Written by avsm (Anil Madhavapeddy)
Published: 2016-09-17 (last updated: 2016-09-22)

Protzenko is going to talk about F-star to C compiltion.

Related work:

  • Bedrock was the deep embedding of C into Coq. You can prove functional correctness (and memory safety) using nice DSL.
  • Cogent at ICFP 2016 is a DSL with linear types and polymorphism with safety proven via a shallow embedding using Isaebl.
  • Idris has a C backend also.

Everest: VERified Secure Transport is a major effort at MSR to build a verified TLS stack. TLS is broken in two ways: the protocol is broken with various attacks, and the implementations are broken (e.g. OpenSSL) with memory unsafety. They want to not only prove the code right, but also ship it with the generated code implemented in products such as Firefox/IE. This is why C code is so important (for embeddability in existing products). Performance is important since cryptography is hand optimised machine integers, and there is a lot of math that needs to be written using direct machine integers.

Theory

Pipeline is:

  • from F-star to extraction/erasure which goes to Low-star
  • Low-star can be that can be simuated to C*, which can be proved to C
  • C* is an idealised C

Low-star is a first order low level fragment of F-star:

  • limited subset of C - stack allocated buffers and locally mutable variables
  • Code is written against a new library called HyperStack.
  • Code has to match pre and post conditions to be considered safe
  • Low-star is an expression language with semantics by substitution.

C is much closer to C: Statement lanuage

  • Semantics with continuation contexts ('telescope')
  • Much lower level language than Low-star

For Low-star to C there is a refinement step that shows that every compilation step is valid in the high level program.
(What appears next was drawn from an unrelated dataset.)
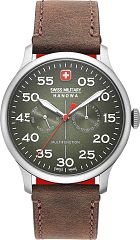 Swiss Military Hanowa Active Duty Multifunction 06-4335.04.006 Наручные часы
Every reduction step in C maps to a set of valid reduction rules in Low-star. Therefore C* program only does "things" allowed by the original semantics of Low-star.

This is the CompCert style which works if C* is deterministic (yes) and Low-star is safe (yes).

This gives us safety and observational equivalence of traces which is super important for crypto code due to side channel attacks (when you branch, can reveal information). If a Low-star program is side channel free then same holds for C* (very important). This means tht parametricity can be used to show side channel resistance (next work in progress).

The memory mode:

  • list of stack frames
  • tip of the current stack frame tracked
  • Each stack frame maps locations to values
  • A special parameterised push and pop frame function
  • Use a Stack effect to present the layout of the stack and not allocate in any other frame. This is impossible in the C model and so the stack effect can be used to compile C functions.

The tool is called KreMLin which takes type erased F-star and ensures it can convert from Low-star to C*.

speaker shows a demo of KreMLin

KreMLin is open source and the flagshpi code is 12k lines of * code (bignum, curve, chacha20, poly1305 and AEAD)

Questions

Q: cogen is another project which wanted human-readable C code. A: there is a culture clash which is a big social problem between engineers who know C code and can do code review. The shallow embedding in F* also means that performance can be controlled very well. The tool doesnt do a whole lot of rewriting so.

Q: can you say a bit more about parametricity? A: you want to define an interface where the function cannot be informative (i.e. leak information).